Right.  And this is the part that is missing for the shutdown/reboot.
Without doing the "ccdconfig -U" or "raidctl -u" on the stripe, the 
underlying components (raid sets themselves) will always remain "in use".
That means that their parity bits will never get updated properly on 
a shutdown.  Something like the following:

 umount -f /dev/ccd0e
 ccdconfig -U 

will need to get run during the shutdown process, preferably before 
/etc/rc.d/raidframe is run as part of the shutdown process.

> However I will note that in any event I see
> the root raidset closed (as per the console messages) as follows:
> 
> syncing disks... done
> Closing vnode for row: 0 col: 0
> Closing vnode for row: 0 col: 1
> rebooting...
> 
> I never see any of the other sets give the "Closing vnode for row"
> message.  Perhaps the closing of the vnode for the components has
> nothign to do with the fact that parity stays clean or not?  I must
> admit I have not delved too deeply into the source yet.

I've taken out that message for -current, but in 1.6 (and before) you should 
see those messages for every RAID set.  If you don't, then that means they 
didn't get unconfigured, and that means that the parity status will not have 
been updated in the component labels.

> So it appears I may be wedging open the raidsets with the stripe
> (as you theorized).  However, I have got to believe there are others
> out there attempting to build complex io systems with RAIDframe as
> well, so I believe this is an issue worth looking at.

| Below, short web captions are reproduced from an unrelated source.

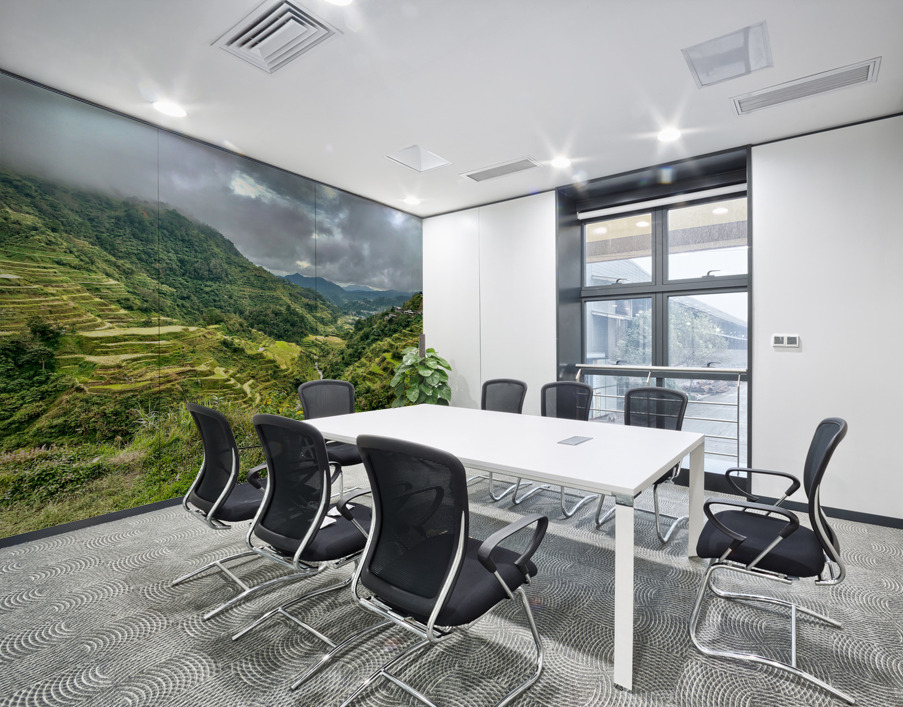 Banaue Philippines 9 Wall Printing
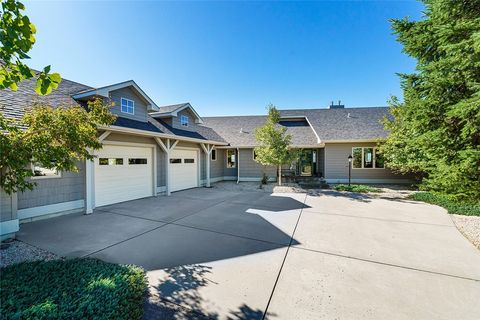 4832 Piegan Trail Billings MT 59106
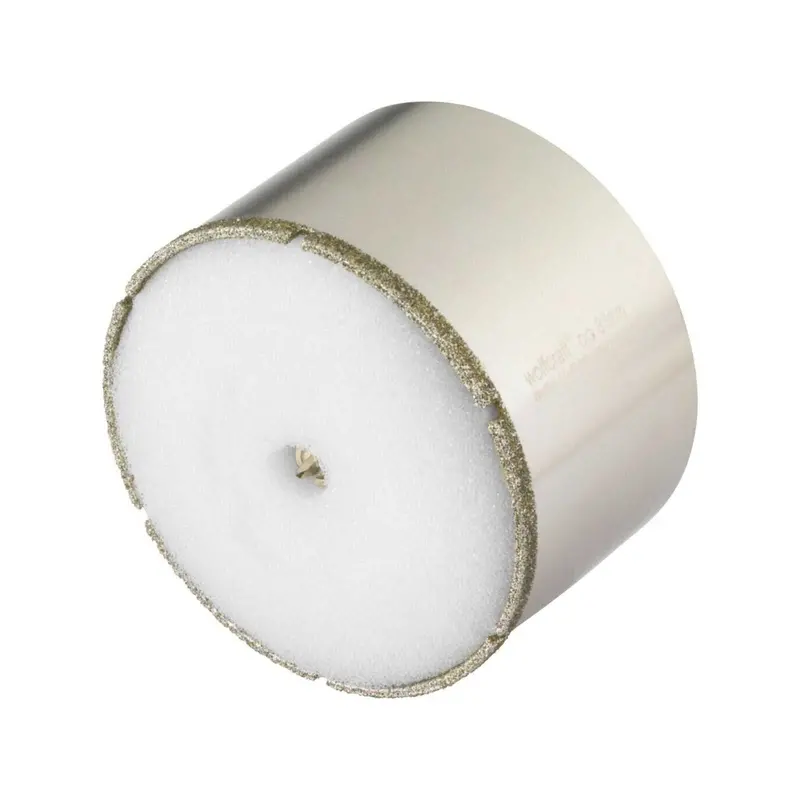 Wolfcraft Diamond Core Bit For Tiles – 83Mm Diameter, Model 5933000 – Clearance Sale 1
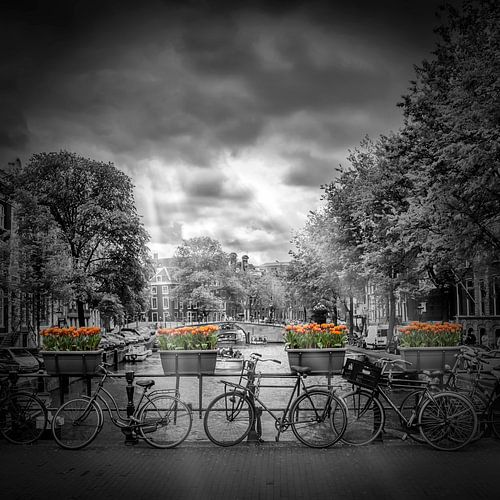 AMSTERDAM Herengracht 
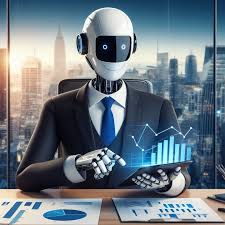 What is Generative AI financial advisor ?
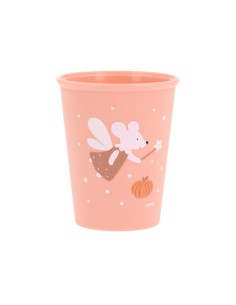 Vasito Mouse Fairies Tutete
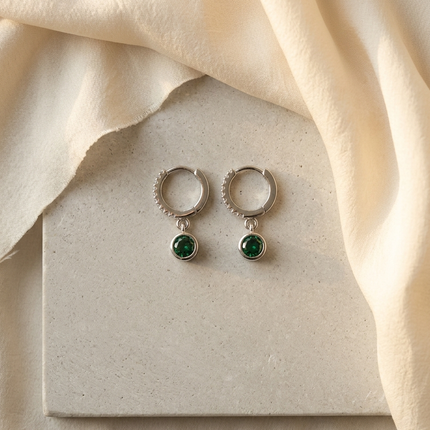 Luna Loop Hoops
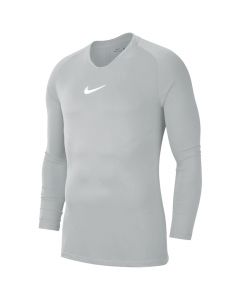 męskie Nike Dry Park First Layer Longsleeve AV2609-057 001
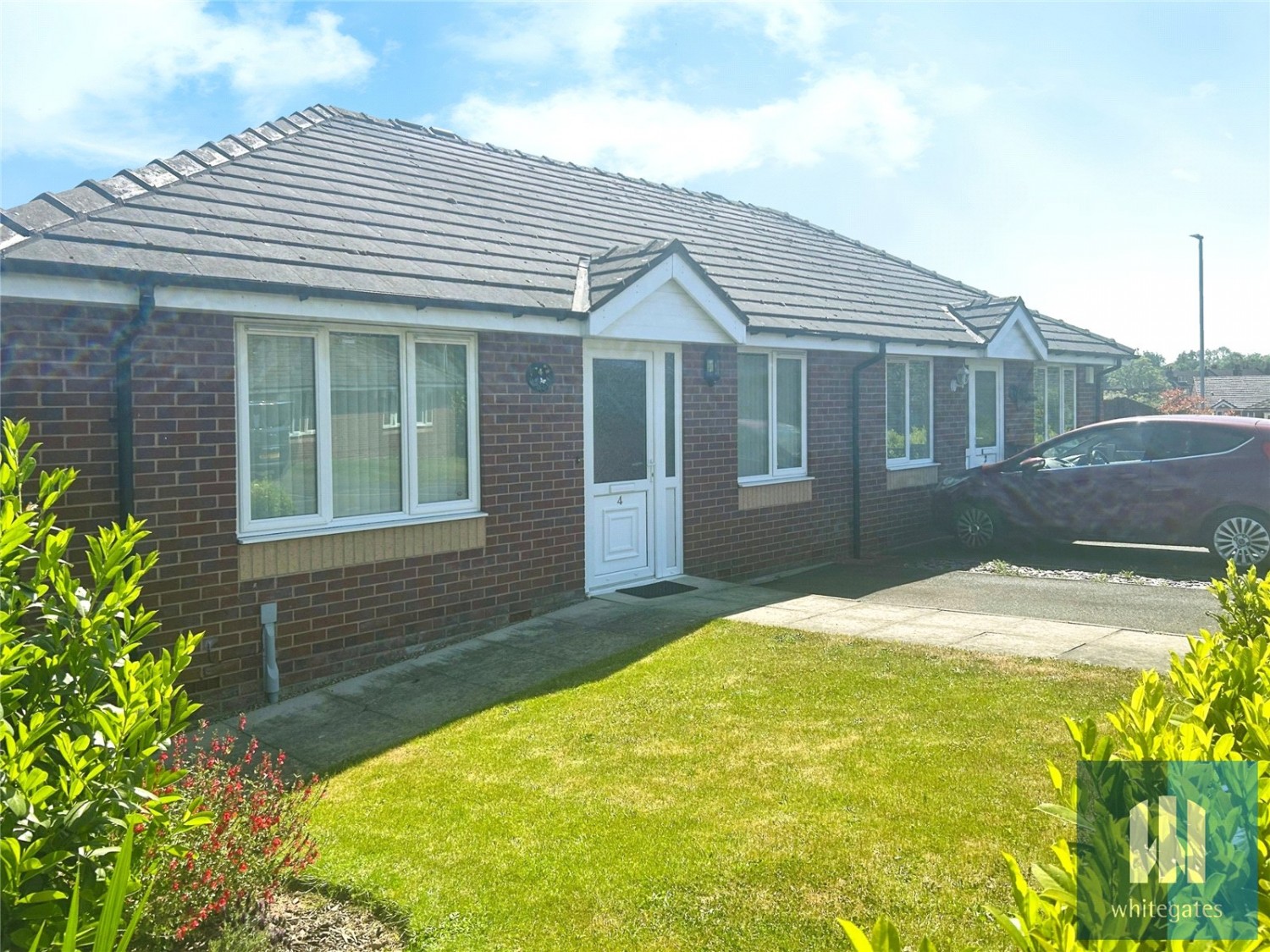 Hemsworth, Pontefract, West Yorkshire
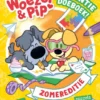 Vakantiedoeboek | 9789048322473 Vakantiedoeboek | 9789048322473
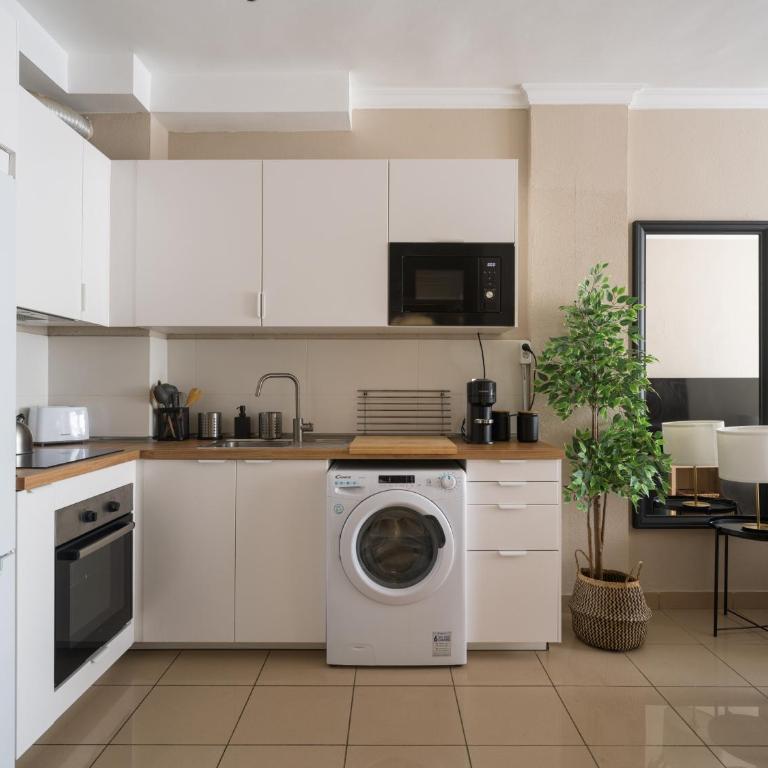 Canteras City 2 - Casa - 5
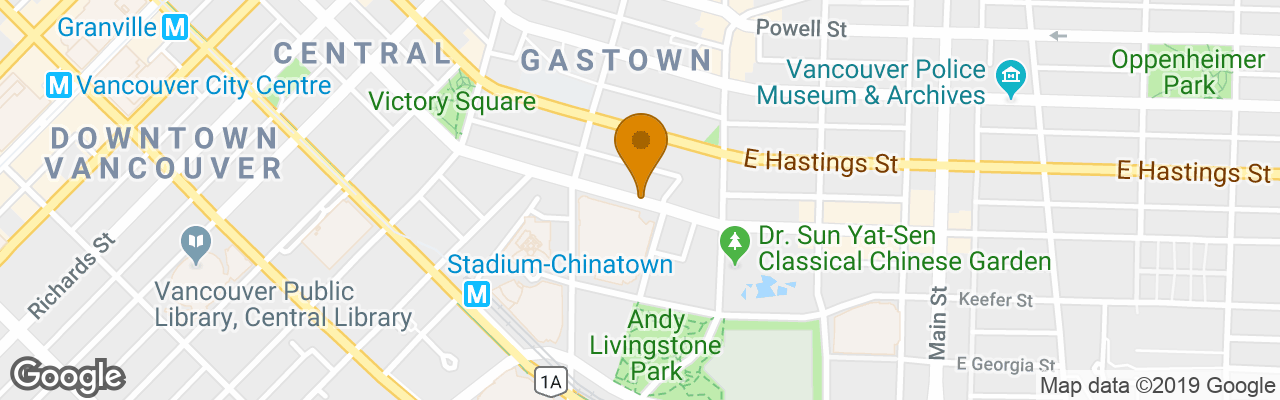 Hotel Skwachàys Lodge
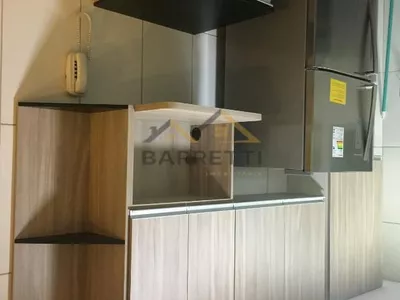Apartamento a venda com 47 m² no Parque Paradiso - Santa Terezinha - Piracicaba - Foto 4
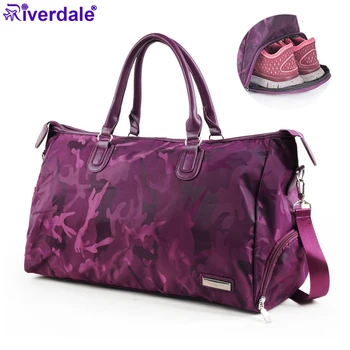 

Fashion Travel Bag Large Capacity Hand Sac A Main Luggage Weekend Bags Ladies Multifunction Travel Duffle Bags For Women 2020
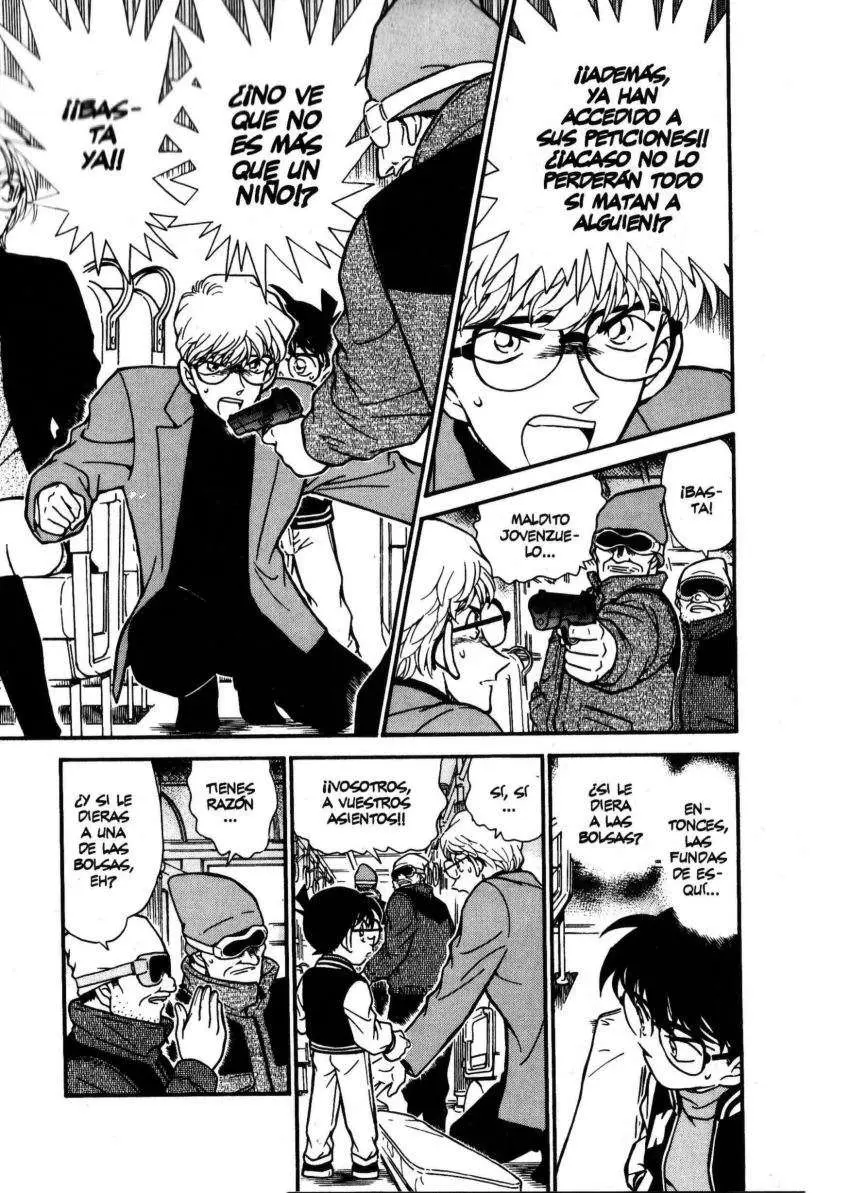 Detective Conan capítulo 288, página 6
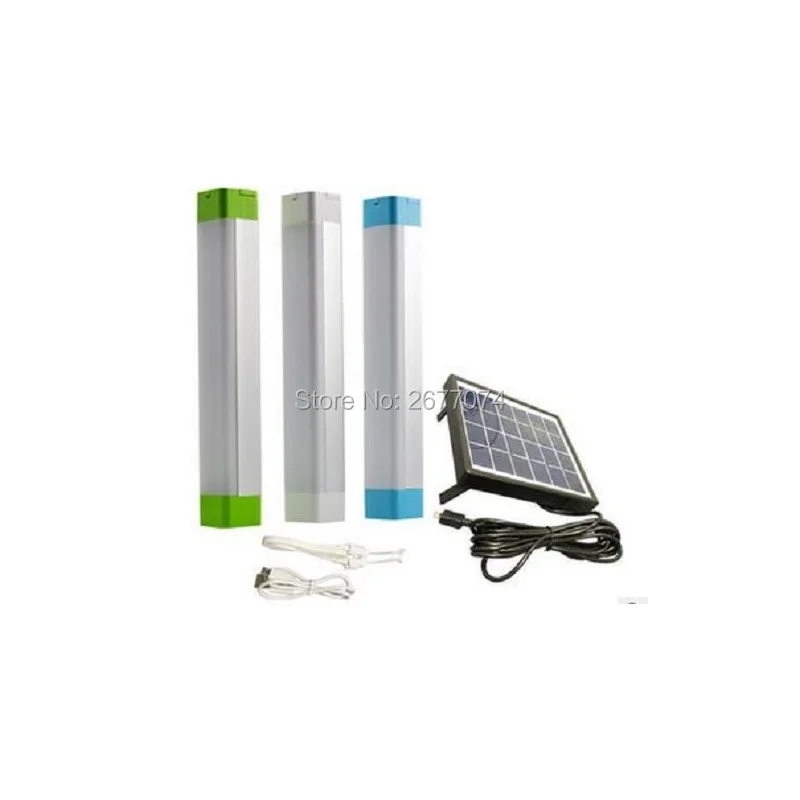 5W DC5V Camping USB Interface Multifunctional Solar Power LED Tube Outdoor Portable Emergency Light Rechargeable led light 1pcs
5W DC5V Camping USB Interface Multifunctional Solar Power LED Tube Outdoor Portable Emergency Light Rechargeable led light 1pcs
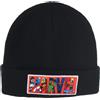 Avengers Marvel Avengers - Cappello invernale bambini, Nero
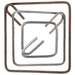 HR10 Reinforcing Stirrup Bars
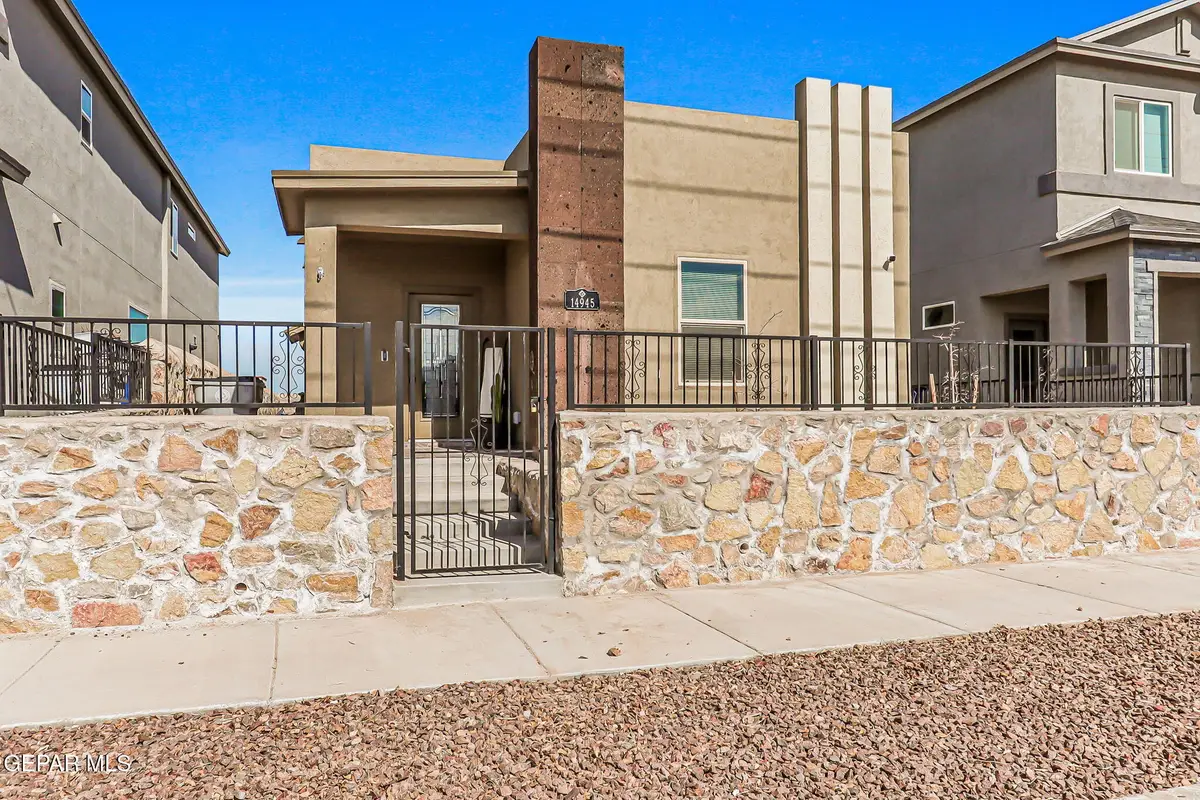 14945 Pebble Hills Boulevard, El Paso, TX 79938 - #1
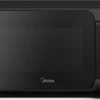 Φούρνος Μικροκυμάτων Midea 20Lt MM20CF2EBK Black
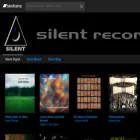 silentrecords.bandcamp.com silentrecords.bandcamp.com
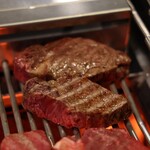 フィレ肉専門店 にくぞう - 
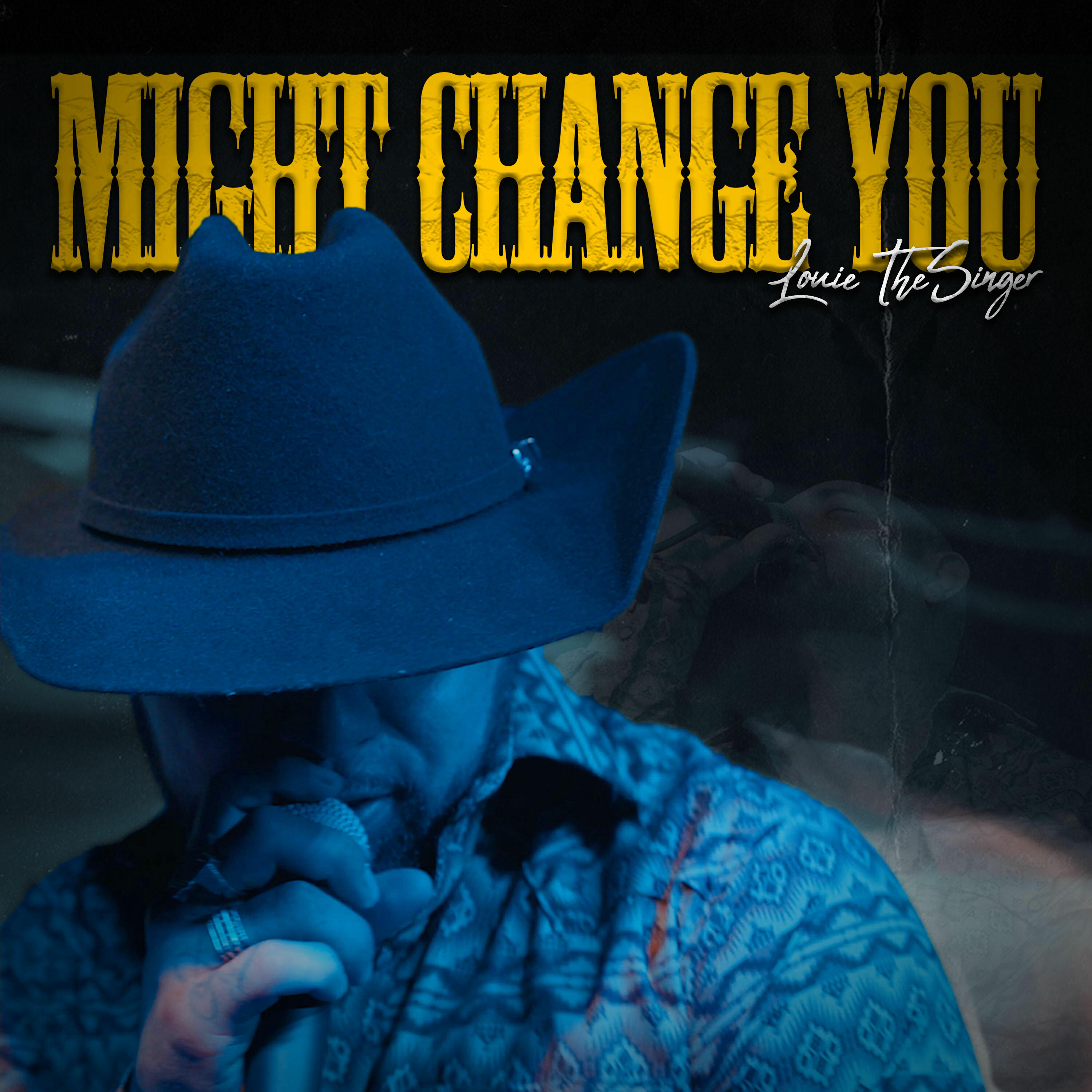 Релиз Might Change You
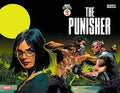MARVEL KNIGHTS: PUNISHER #2 - Secret Station Comic | Book Shop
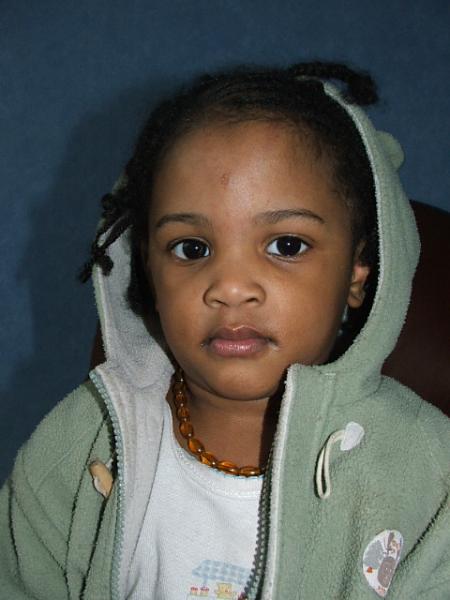 ma petite soeur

Hmm... I think every multi-level RAID setup that I've seen so-far has had to 
add "custom shutdown/close" stuff to the shutdown procedure.  Basically, the 
"last configured" device needs to be unconfigured first.  Once it's 
unconfigured, then the underlying RAID sets will have had their "last 
partitions closed", and the parity bits will be updated correctly. 
If nothing else, that fact should be noted in the raidctl man-page.

> I suppose I could RAID 5 across the two controllers, but I really
> don't want the speed hit.

You could, but you shouldn't need to :)

> It seems that there is a similar kind of thing with umounting all
> filesystems at shutdown in that they have to be umount'd in a
> specific order or parent fs's won't umount (ie /var/mail must umount
> before /var).

Right.
 
> I'll have to take a closer look at the source...

Later...

Greg Oster